As Ash Wednesday was approaching, I thought a lot about the Chapel Hill shootings. Now that Ash Wednesday is here, I’m thinking about them even more. While it hasn’t been definitively determined that the fatal shootings of Deah Shaddy Barakat, 23; Yusor Mohammad, 21; and Razan Mohammad Abu-Salha, 19, by Stephen Craig Hicks was a hate crime, there’s evidence that suggests that it was.
My friend and colleague Elizabeth Scalia wrote about this on the blog, “The Anchoress.” She wrote about Hicks, “…supposedly he argued with many neighbors about parking spaces, but let’s face it: he killed the religious people.
He killed the people who literally wear their religion on their sleeves (or heads), and that has to count for something. For better or worse, as atheist writer Sincere Kirabo argues, it factors into the equation.”
There are other reports that suggest the same. In an interview with the publication, RT, the brother of two of the victims, Yousef Abu-Salha, claims that his siblings were singled out by Hicks because they wore the hijab (headscarf customary to Muslim women).
Here is what he said:“There were plenty of run-ins [with Hicks],” he said, “but the run-ins escalated when my sister moved in; she obviously wore the head scarf. I recall her telling me when she first went to visit the condo before she even moved in together, [Hicks] came and knocked on the door and told them they were making too much noise, and he brandished a gun at his waist.”
There’s much more to think and write about concerning this case – including the fact that Hicks had 13 firearms in his possession and often brandished one or the other of them when confronting his neighbors, But, the point I want to focus on is that, Hicks had altercations with many of his neighbors, yet killed the ones who openly professed their faith. What’s more, claims that the disagreement was over parking space doesn’t seem to fit because no one was parked in Hicks’ prized parking space on the day he killed his Muslim neighbors.

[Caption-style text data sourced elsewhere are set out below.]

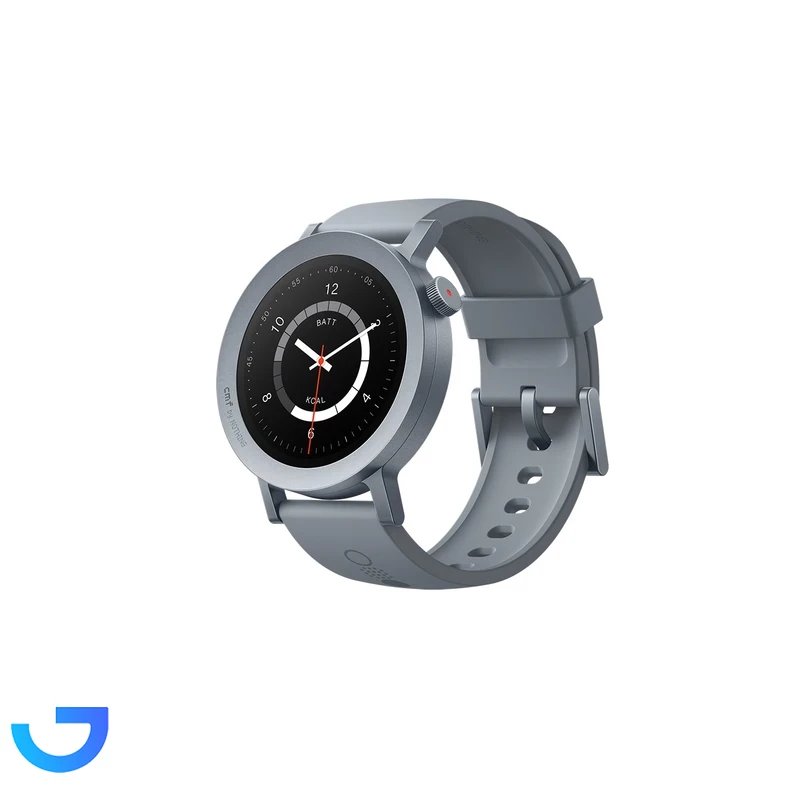 قیمت و خرید ساعت هوشمند ناتینگ CMF Watch Pro 2 | فروشگاه آریا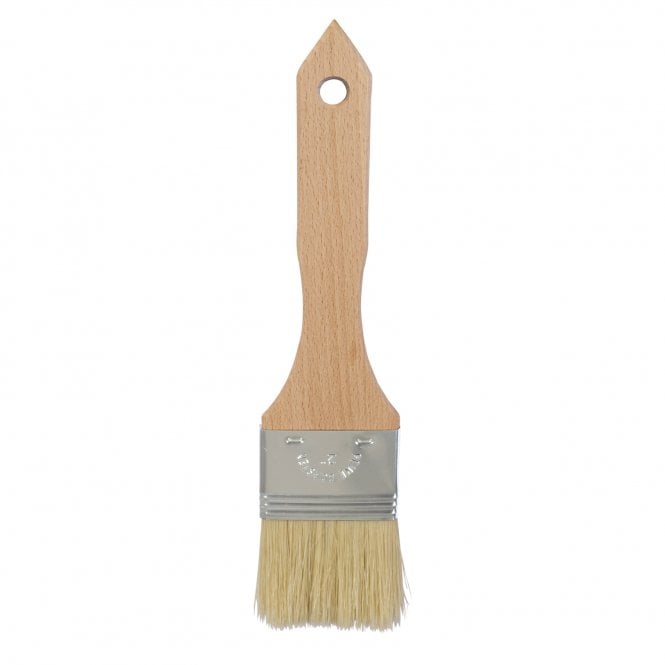 Beechwood Pastry Brush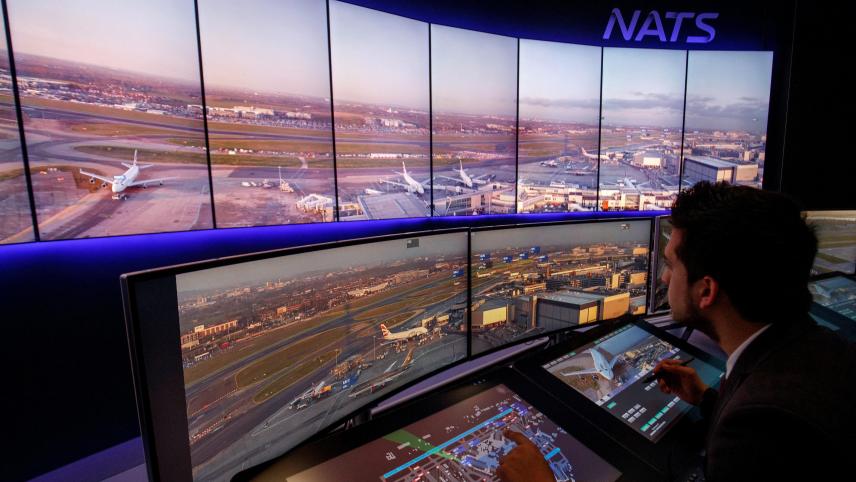 Grève des aiguilleurs du ciel, l’Etat prend des mesures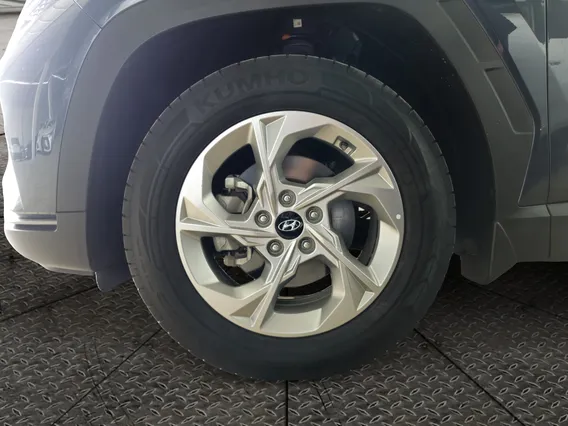Hyundai Tucson Smart 2023 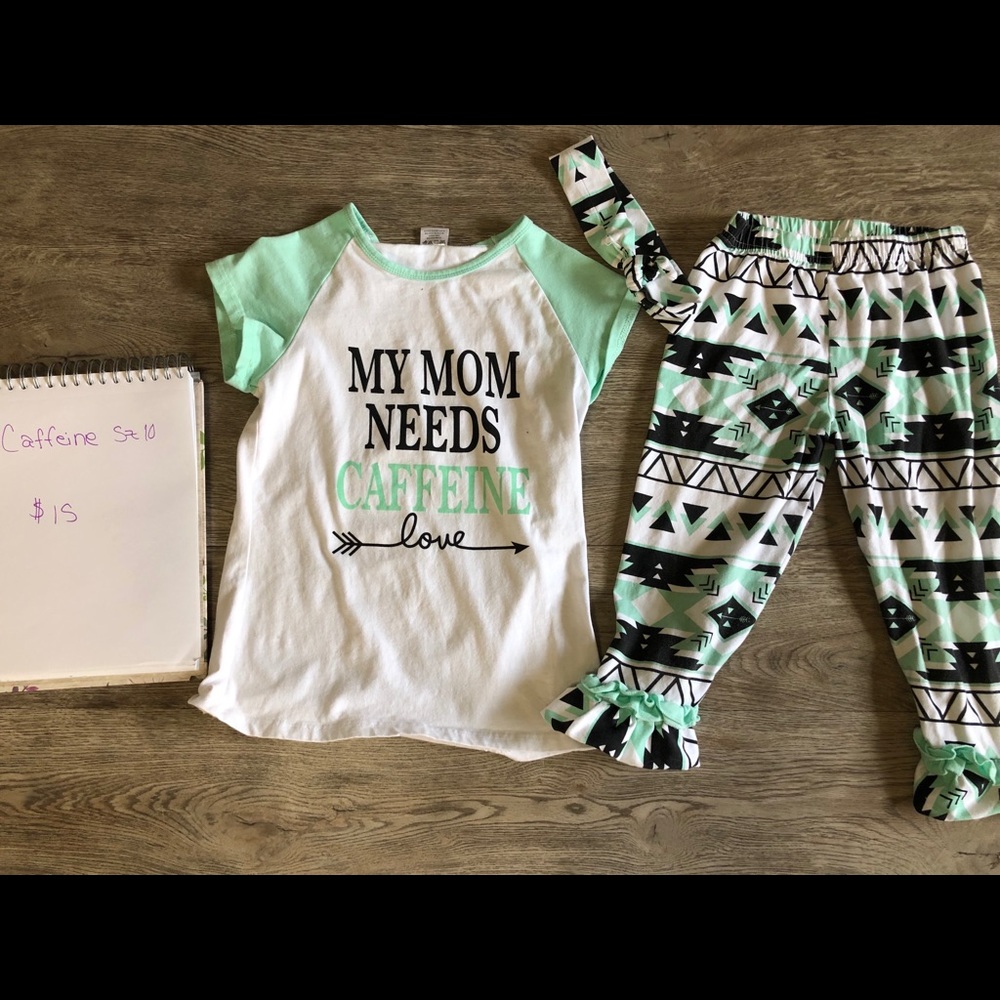 Outfit
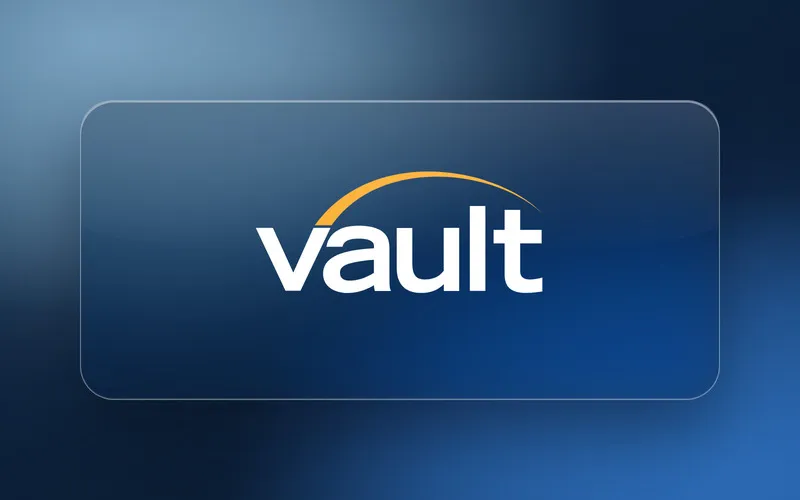 Vault Firsthand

The question I’m asking myself today is, “What if the two women had not worn their Jilbabs?”
The fact that they did so has caused me to ponder our Catholic custom of wearing ashes on Ash Wednesday. Face it, it’s a very obvious mark of our Faith, and we are certain to get some interesting looks when we go out in public. In my younger years, I’d try to pick the priest or deacon who went lightest on the ashes. Sometimes, I’m ashamed to admit, I’d even help them to “lighten up” because I mistakenly felt that wearing my ashes in public was somehow unprofessional.
As the years have gone by, I’ve gotten braver about demonstrating my Faith in public, and have had a whole range of reactions when I wear my ashes around town, from squints to raised eyebrows, avoidance, surprise, and even in some cases, disdain. I even once had a woman stop and tell me that I had “something” on my forehead. I’m still not sure whether she was poking fun or sincere.
On my part, whenever I see someone in public wearing their ashes, I make it a point to thank them for so openly demonstrating their Faith. They’re usually scared when I first approach them; but, once they hear what I have to say, they seem relieved, even delighted. I did one time scare one of my doctors by gasping when he walked in – not out of fear, of course, but out of surprise and admiration. Nevertheless, I believe that kind of show of Faith deserves recognition and encouragement.
So, as I’m ready to head out for my day – including receiving ashes – I’m thinking about the victims of the Chapel Hill shootings. I’m praying that I can be courageous in openly demonstrating my Faith as they were. Yes, I’m taking some risk, perhaps not risky enough to get shot, but risky enough to get some odd looks and weird comments.